* **Given records**:
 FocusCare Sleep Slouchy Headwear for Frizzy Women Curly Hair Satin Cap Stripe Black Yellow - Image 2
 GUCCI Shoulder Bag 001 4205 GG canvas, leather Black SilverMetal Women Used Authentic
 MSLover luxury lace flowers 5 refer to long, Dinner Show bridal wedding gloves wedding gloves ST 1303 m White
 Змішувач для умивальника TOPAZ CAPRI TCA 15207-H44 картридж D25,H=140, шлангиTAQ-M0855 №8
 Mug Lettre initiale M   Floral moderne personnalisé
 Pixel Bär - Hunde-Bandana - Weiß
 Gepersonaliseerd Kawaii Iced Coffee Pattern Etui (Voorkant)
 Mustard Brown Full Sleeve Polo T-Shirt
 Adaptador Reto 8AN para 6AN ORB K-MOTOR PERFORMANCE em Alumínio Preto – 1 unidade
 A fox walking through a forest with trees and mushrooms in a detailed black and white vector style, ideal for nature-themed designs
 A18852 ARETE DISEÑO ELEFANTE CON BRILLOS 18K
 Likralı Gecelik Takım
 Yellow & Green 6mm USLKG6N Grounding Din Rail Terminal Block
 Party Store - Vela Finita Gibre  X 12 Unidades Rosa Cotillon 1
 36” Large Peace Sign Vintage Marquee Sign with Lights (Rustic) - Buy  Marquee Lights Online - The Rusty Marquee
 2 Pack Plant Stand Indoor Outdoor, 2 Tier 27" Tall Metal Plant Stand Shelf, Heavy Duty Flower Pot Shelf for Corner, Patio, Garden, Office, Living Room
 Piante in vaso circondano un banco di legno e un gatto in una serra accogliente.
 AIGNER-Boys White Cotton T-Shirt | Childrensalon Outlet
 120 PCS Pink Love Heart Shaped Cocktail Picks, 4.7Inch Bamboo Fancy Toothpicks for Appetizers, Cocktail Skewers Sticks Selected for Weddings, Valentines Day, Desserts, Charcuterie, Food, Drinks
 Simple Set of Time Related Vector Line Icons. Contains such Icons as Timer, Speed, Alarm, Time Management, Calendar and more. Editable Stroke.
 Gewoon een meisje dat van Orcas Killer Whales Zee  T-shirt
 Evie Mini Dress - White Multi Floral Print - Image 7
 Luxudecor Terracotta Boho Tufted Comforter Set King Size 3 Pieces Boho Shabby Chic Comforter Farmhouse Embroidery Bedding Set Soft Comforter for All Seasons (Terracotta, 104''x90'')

* **Work task**: What you return should match the data character for character.

* **Completed task**:
 FocusCare Sleep Slouchy Headwear for Frizzy Women Curly Hair Satin Cap Stripe Black Yellow - Image 2
 GUCCI Shoulder Bag 001 4205 GG canvas, leather Black SilverMetal Women Used Authentic
 MSLover luxury lace flowers 5 refer to long, Dinner Show bridal wedding gloves wedding gloves ST 1303 m White
 Змішувач для умивальника TOPAZ CAPRI TCA 15207-H44 картридж D25,H=140, шлангиTAQ-M0855 №8
 Mug Lettre initiale M   Floral moderne personnalisé
 Pixel Bär - Hunde-Bandana - Weiß
 Gepersonaliseerd Kawaii Iced Coffee Pattern Etui (Voorkant)
 Mustard Brown Full Sleeve Polo T-Shirt
 Adaptador Reto 8AN para 6AN ORB K-MOTOR PERFORMANCE em Alumínio Preto – 1 unidade
 A fox walking through a forest with trees and mushrooms in a detailed black and white vector style, ideal for nature-themed designs
 A18852 ARETE DISEÑO ELEFANTE CON BRILLOS 18K
 Likralı Gecelik Takım
 Yellow & Green 6mm USLKG6N Grounding Din Rail Terminal Block
 Party Store - Vela Finita Gibre  X 12 Unidades Rosa Cotillon 1
 36” Large Peace Sign Vintage Marquee Sign with Lights (Rustic) - Buy  Marquee Lights Online - The Rusty Marquee
 2 Pack Plant Stand Indoor Outdoor, 2 Tier 27" Tall Metal Plant Stand Shelf, Heavy Duty Flower Pot Shelf for Corner, Patio, Garden, Office, Living Room
 Piante in vaso circondano un banco di legno e un gatto in una serra accogliente.
 AIGNER-Boys White Cotton T-Shirt | Childrensalon Outlet
 120 PCS Pink Love Heart Shaped Cocktail Picks, 4.7Inch Bamboo Fancy Toothpicks for Appetizers, Cocktail Skewers Sticks Selected for Weddings, Valentines Day, Desserts, Charcuterie, Food, Drinks
 Simple Set of Time Related Vector Line Icons. Contains such Icons as Timer, Speed, Alarm, Time Management, Calendar and more. Editable Stroke.
 Gewoon een meisje dat van Orcas Killer Whales Zee  T-shirt
 Evie Mini Dress - White Multi Floral Print - Image 7
 Luxudecor Terracotta Boho Tufted Comforter Set King Size 3 Pieces Boho Shabby Chic Comforter Farmhouse Embroidery Bedding Set Soft Comforter for All Seasons (Terracotta, 104''x90'')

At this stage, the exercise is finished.